Toward learning dynamic origin-destination matrices from crowd density heatmaps

Abstract

Knowing the origins and destinations of pedestrians’ paths is key to the initialization of crowd simulations. Unfortunately, they are difficult to measure in the real world. This is one major challenge for live predictions during events such as festivals, soccer games, protest marches, and many others. Sensor data can be used to feed real-world observations into simulations in real-time. As input data for this study, we use density heatmaps generated from real-world trajectory data obtained from stereo sensors. Density information is compact, of constant size, and in general easier to obtain than e.g., individual trajectories. Therefore, the information limitation improves the applicability to other scenarios.
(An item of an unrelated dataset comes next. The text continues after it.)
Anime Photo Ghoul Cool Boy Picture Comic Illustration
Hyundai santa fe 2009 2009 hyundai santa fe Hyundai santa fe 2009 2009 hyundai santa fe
We include the absolute pedestrian trip counts from origins to destinations during a brief time interval in an OD matrix, including unknown destinations due to sensor errors. Our goal is to estimate these OD matrices from a series of density heatmaps for the same interval. For this, we compute the ground truth OD matrices and density heatmaps using real-world trajectory data from a train station. We employ linear regression as a statistical learning method for estimation. We observe that the linear share of the relationship between density and OD matrix is estimated successfully. Nevertheless, a portion of the data remains that cannot be explained. We attempt to overcome this difficulty with random forest as a nonlinear model. The results indicate that both a linear and a nonlinear model can estimate some features of the OD matrices. However, there is no clear winner in terms of the chosen metric, the R 2 score. Overall, our findings are a strong indicator that OD matrices can indeed be estimated from density heatmaps extracted automatically from sensors.